Es en el contexto de esa disputa en el que hay que situar el reciente nombramiento del poeta norteamericano de origen mexicano Juan Felipe Herrera como Poeta Laureado de EE. UU. Sin entrar ahora a valorar esa institución creada en EE. UU. en 1936, a imagen y semejanza de la misma y venerable (¿y rancia?) figura en Inglaterra, lo que es llamativo y sumamente significativo es que, oficialmente, la cultura poética estadounidense, desde sus instituciones más poderosas, ha abierto esas puertas —por primera vez— a un poeta latino y, más concretamente, a uno chicano.

Con ese nombramiento, y todo el eco que ha acarreado —fue noticia estelar en las secciones de cultura en The New York Times y en The Guardian—, se ha impuesto una realidad de justicia: cualquiera que lea los poemas de este poeta californiano, nacido en Fowler en 1948, de padres mexicanos sumamente humildes, y de llegada tardía a la lengua inglesa —tenía 12 años y aún no hablaba inglés—, caerá en la cuenta de su indiscutible categoría, digan lo que digan los gendarmes de la ortodoxia canónica. Profundo admirador de Allen Ginsberg, cuyo pulso palpita ostensiblemente en sus poemas, Juan Felipe Herrera reclama la mexicanidad en su obra —aunque no solo— como forma de acceder a una identidad compleja y, en cierto modo, atormentada, violentada por la injusticia que representa ser chicano en EE. UU. Los tintes sociales de la poesía de Herrera son obvios, transparentes, pero, a la vez, no expresan trivialidad amparada por las buenas intenciones y los nobles fundamentos éticos.

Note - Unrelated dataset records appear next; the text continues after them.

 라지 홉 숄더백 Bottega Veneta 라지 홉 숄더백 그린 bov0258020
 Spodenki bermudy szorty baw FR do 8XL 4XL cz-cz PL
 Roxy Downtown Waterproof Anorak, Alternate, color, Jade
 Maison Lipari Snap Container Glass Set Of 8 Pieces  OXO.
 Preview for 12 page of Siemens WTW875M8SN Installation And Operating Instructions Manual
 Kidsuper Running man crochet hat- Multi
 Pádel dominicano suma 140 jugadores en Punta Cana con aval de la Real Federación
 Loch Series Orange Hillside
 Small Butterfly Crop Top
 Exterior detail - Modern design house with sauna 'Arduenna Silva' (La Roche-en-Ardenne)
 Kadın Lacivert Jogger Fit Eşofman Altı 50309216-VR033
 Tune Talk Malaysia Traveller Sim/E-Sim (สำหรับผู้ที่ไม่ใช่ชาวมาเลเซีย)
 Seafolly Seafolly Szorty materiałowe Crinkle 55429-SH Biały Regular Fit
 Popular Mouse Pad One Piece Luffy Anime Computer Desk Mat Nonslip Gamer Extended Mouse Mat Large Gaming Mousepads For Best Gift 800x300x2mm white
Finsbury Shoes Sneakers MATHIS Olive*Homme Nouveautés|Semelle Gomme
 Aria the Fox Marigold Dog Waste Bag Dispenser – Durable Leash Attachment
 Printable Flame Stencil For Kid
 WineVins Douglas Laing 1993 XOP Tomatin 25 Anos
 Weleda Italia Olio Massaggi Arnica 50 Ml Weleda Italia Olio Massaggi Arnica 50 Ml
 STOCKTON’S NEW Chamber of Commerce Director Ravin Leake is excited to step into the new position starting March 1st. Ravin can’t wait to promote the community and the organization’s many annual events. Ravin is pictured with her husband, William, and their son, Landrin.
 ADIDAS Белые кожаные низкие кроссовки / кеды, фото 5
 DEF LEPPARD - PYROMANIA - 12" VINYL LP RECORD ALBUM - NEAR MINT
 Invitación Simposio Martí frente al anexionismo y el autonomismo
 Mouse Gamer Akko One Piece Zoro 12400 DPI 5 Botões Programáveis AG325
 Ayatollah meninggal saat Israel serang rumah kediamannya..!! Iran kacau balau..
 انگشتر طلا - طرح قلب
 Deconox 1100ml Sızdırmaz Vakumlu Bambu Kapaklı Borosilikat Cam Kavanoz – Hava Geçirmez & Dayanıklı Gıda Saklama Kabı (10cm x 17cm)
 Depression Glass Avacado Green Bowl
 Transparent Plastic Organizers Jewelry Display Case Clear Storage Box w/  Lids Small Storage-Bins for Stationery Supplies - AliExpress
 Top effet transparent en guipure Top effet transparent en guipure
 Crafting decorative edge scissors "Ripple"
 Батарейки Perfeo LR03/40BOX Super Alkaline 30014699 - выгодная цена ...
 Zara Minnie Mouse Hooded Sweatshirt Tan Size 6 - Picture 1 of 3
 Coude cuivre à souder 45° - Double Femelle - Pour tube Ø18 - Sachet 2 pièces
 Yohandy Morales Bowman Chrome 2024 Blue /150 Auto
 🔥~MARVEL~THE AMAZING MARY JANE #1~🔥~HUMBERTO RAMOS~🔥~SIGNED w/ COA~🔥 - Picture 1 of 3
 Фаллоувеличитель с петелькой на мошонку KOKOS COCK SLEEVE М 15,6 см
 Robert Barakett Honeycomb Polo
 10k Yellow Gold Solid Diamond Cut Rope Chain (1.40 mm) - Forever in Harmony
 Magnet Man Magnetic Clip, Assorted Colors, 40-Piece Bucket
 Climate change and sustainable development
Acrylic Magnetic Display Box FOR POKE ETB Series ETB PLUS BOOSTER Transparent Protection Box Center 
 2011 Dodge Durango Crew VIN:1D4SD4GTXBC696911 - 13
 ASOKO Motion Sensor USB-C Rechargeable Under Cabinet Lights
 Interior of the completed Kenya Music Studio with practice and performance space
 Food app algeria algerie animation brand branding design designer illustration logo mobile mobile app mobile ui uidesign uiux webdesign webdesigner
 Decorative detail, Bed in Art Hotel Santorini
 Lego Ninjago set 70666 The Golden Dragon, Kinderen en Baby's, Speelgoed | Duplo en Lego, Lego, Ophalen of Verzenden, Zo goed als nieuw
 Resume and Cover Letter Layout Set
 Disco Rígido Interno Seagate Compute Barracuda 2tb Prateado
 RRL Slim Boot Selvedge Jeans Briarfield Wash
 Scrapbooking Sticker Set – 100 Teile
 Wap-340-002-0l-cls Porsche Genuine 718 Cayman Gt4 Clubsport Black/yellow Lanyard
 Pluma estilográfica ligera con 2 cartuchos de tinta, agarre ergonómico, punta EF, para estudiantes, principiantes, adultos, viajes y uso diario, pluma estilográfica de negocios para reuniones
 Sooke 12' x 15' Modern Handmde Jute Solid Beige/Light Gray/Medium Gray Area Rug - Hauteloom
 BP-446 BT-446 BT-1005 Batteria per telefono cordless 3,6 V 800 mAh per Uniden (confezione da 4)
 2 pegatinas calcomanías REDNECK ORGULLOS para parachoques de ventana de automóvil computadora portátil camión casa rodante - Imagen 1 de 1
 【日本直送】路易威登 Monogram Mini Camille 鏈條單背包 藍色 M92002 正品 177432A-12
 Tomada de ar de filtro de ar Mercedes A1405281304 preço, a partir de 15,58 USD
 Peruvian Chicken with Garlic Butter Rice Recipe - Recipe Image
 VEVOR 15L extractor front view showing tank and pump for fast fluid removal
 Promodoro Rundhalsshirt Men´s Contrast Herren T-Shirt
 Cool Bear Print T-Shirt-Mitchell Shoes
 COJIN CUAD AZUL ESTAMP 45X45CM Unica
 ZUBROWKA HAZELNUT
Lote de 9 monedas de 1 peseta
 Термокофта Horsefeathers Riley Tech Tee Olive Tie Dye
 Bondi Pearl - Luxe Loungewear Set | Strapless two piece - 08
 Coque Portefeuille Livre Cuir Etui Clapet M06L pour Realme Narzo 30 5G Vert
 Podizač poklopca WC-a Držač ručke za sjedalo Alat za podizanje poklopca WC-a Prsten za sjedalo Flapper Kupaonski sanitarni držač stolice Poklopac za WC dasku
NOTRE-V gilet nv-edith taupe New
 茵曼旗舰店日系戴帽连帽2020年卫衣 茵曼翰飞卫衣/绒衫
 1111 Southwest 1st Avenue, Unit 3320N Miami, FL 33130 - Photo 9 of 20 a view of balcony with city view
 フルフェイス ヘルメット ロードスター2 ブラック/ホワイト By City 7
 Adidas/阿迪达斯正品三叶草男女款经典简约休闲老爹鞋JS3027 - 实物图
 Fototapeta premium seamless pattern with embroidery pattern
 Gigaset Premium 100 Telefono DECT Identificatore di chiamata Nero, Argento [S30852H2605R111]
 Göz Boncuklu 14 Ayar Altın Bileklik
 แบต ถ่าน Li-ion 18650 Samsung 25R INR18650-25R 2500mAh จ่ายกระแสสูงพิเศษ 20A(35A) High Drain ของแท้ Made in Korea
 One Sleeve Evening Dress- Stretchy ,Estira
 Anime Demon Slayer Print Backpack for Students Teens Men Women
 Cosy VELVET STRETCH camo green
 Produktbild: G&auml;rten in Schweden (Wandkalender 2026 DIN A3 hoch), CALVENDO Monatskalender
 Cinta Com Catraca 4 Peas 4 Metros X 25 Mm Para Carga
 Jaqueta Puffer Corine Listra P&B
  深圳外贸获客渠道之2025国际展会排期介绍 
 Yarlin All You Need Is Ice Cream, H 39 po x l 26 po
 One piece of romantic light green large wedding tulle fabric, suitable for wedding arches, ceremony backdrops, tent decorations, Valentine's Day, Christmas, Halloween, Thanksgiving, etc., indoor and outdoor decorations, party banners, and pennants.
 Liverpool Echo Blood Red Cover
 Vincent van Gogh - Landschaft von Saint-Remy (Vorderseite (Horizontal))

En sus poemas hay vuelo, complejidad, riqueza, tensión, drama, como ocurre en su gran poema Mexicano a medias, donde la identidad se rompe en mitades que luchan entre sí obsesivamente, en una especie de búsqueda resuelta en fracaso angustioso, eco indudable de la angustia de no poder ser del todo en un mundo de excluyentes y excluidos:

Herrera reclama la mexicanidad en su obra —aunque no solo— como forma de acceder a una identidad compleja y, en cierto modo, atormentada

"Extrañeza de ser mexicano a medias… / Podría decir solo mexicano… [pero] tú eres un mexicano a medias / Tiempo / Luz / Cómo ellos te persiguen y cómo tú los imploras / Todo esto se convierte en el proyecto de toda una vida, es decir, / tú eres mexicano. Mitad mexicano, la otra mitad / mexicano, por tanto, una mitad contra otra mitad [o ‘una mitad contra sí misma’]".

En esa clase de confrontaciones, donde se dirime el derecho a ser, suele haber sangre, real o simbólica, que es la que mana de una gran herida —la herida de la negación del derecho a ser—, como en el poema Sangre en la rueda:

"¿Qué sangre es esta? Hay sangre, dice / También aquí la hay, también aquí, dice / y canta la Madre Sangre, solo sangre".

Dijo el otro día Herrera: "Mi voz está hecha de la voz de los demás", y le faltó decir: "Mi voz está hecha de la sangre de los demás que corren el riesgo de no tener ni siquiera voz".